- PROBLEM TO SOLVE -
Write out all the entries word for word and omit any pictures.

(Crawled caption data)
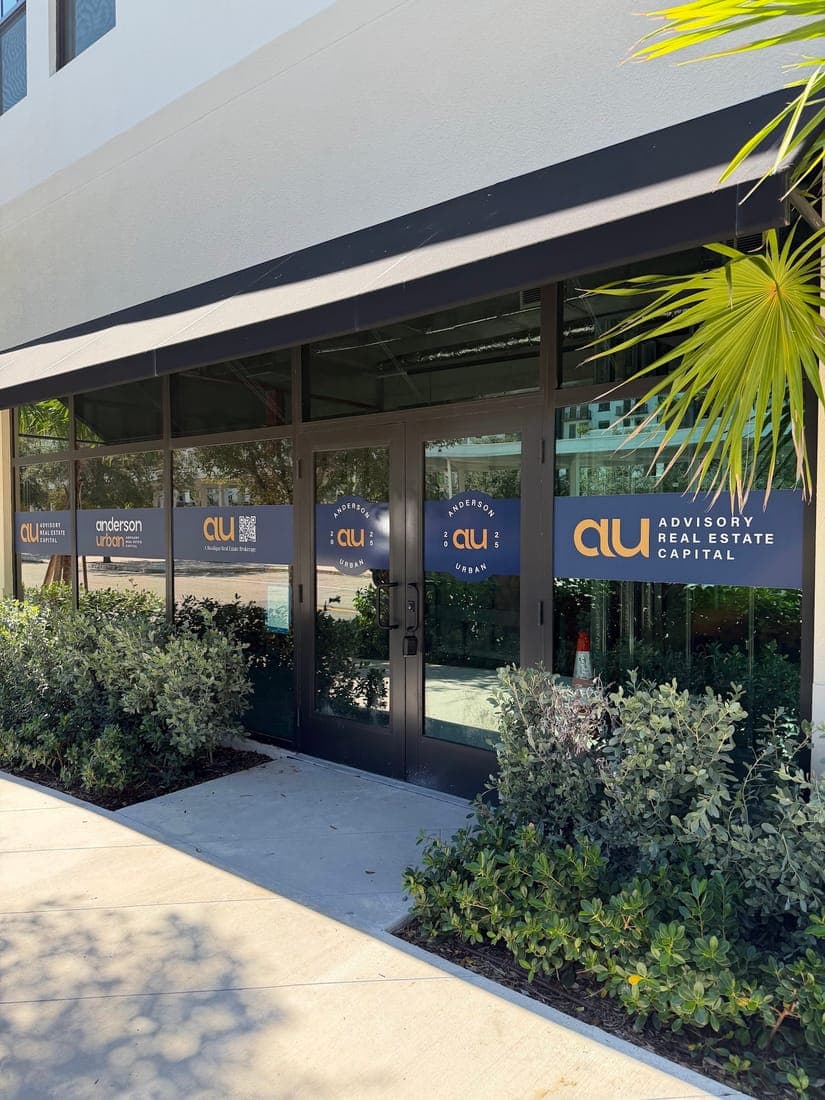 Window vinyl across a real estate capital firm's storefront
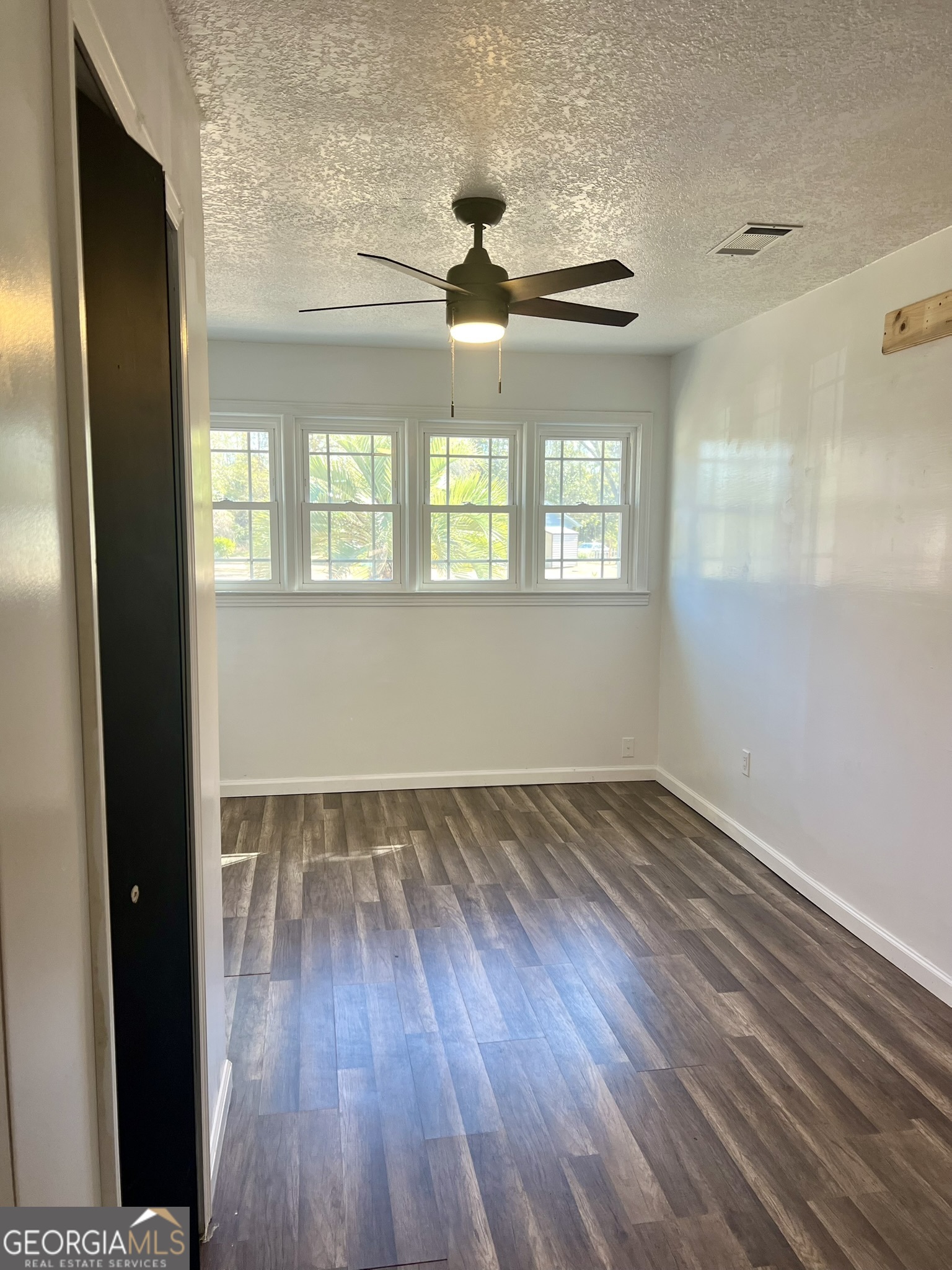 594 South 3rd Street Jesup, GA 31545 - Photo 12 of 32 a view of an empty room with wooden floor and a window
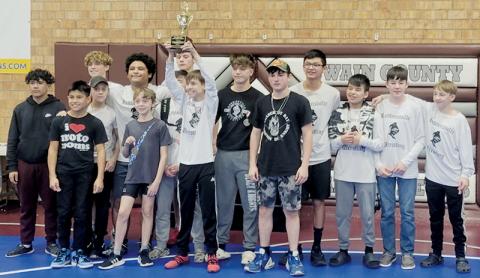 The Robbinsville Middle School Black Knights beam with pride after winning their third consecutive Smoky  Mountain Conference title Dec. 21. Photo courtesy of Robbinsville Wrestling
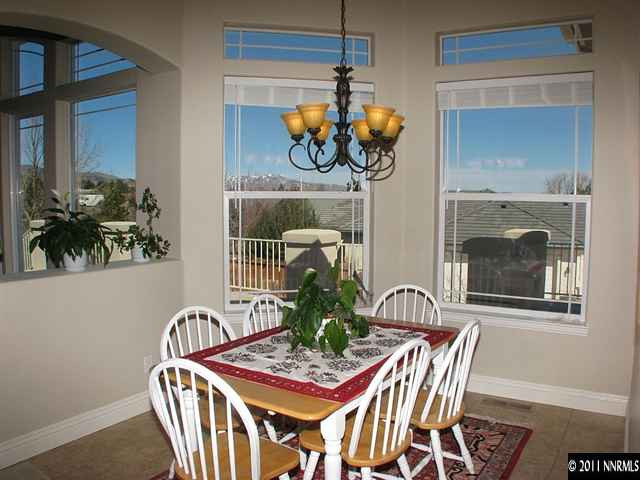 135 Gazelle Road Reno, NV 89511 - Photo 6 of 13 a view of a dining room with furniture and chandelier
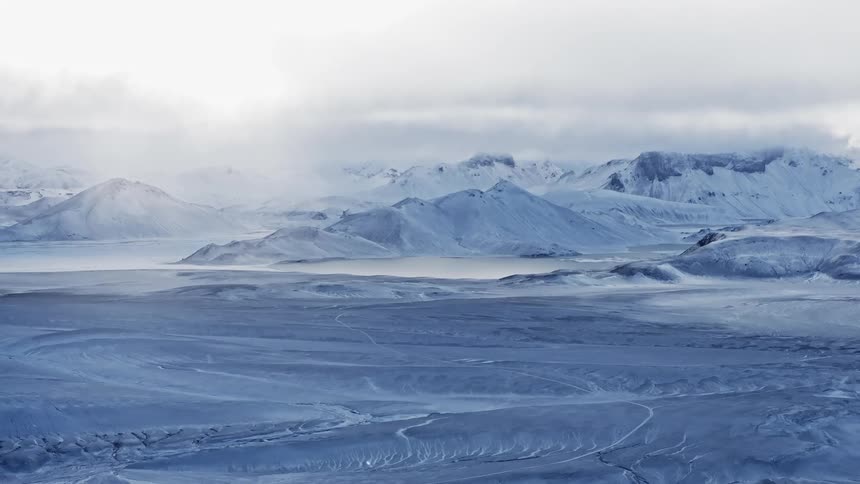 Panorama of icy mountains with lakes around
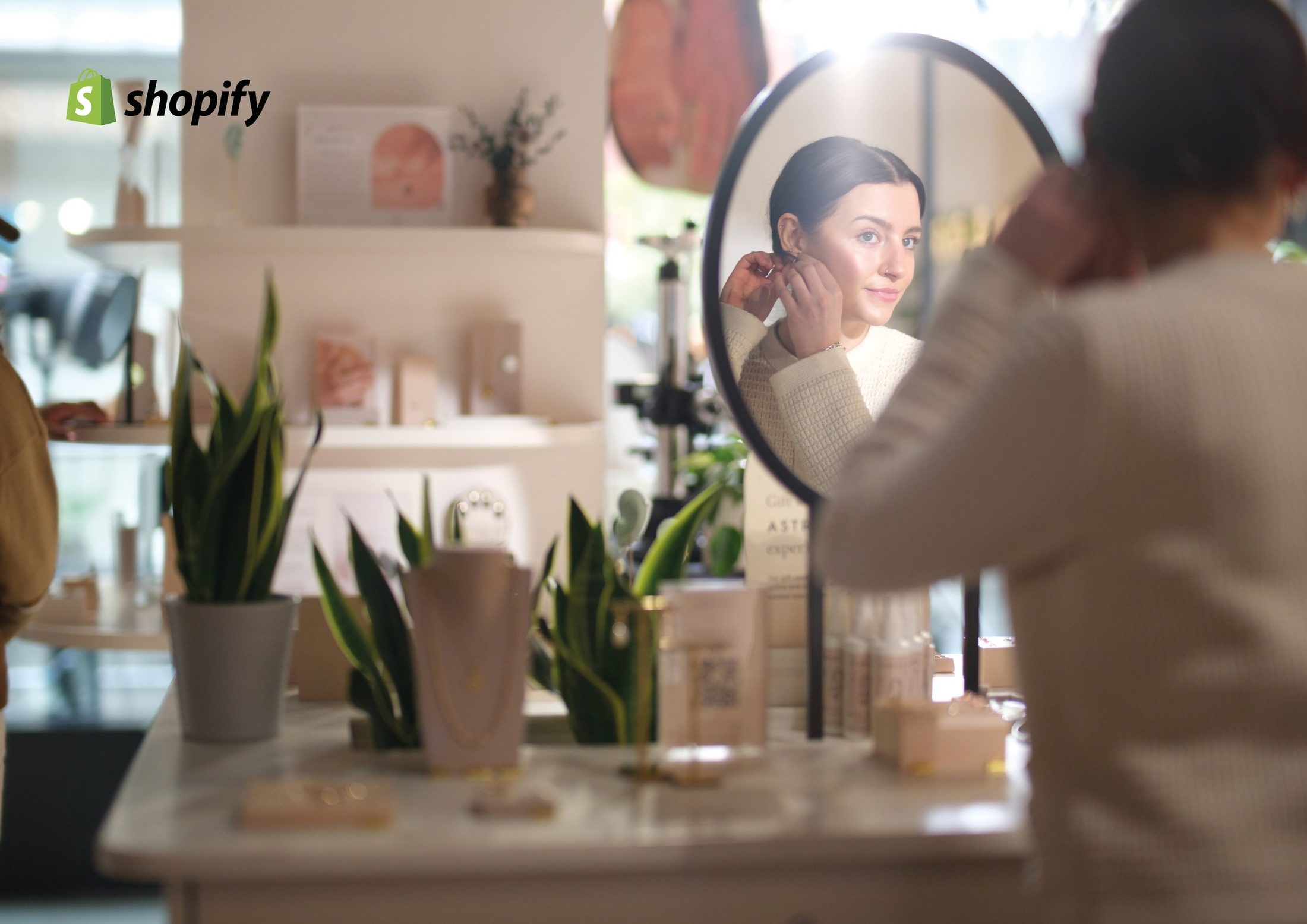 A woman in a shop mirror, Shopify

- EXERCISE OUTPUT -
 Window vinyl across a real estate capital firm's storefront
 594 South 3rd Street Jesup, GA 31545 - Photo 12 of 32 a view of an empty room with wooden floor and a window
 The Robbinsville Middle School Black Knights beam with pride after winning their third consecutive Smoky  Mountain Conference title Dec. 21. Photo courtesy of Robbinsville Wrestling
 135 Gazelle Road Reno, NV 89511 - Photo 6 of 13 a view of a dining room with furniture and chandelier
 Panorama of icy mountains with lakes around
 A woman in a shop mirror, Shopify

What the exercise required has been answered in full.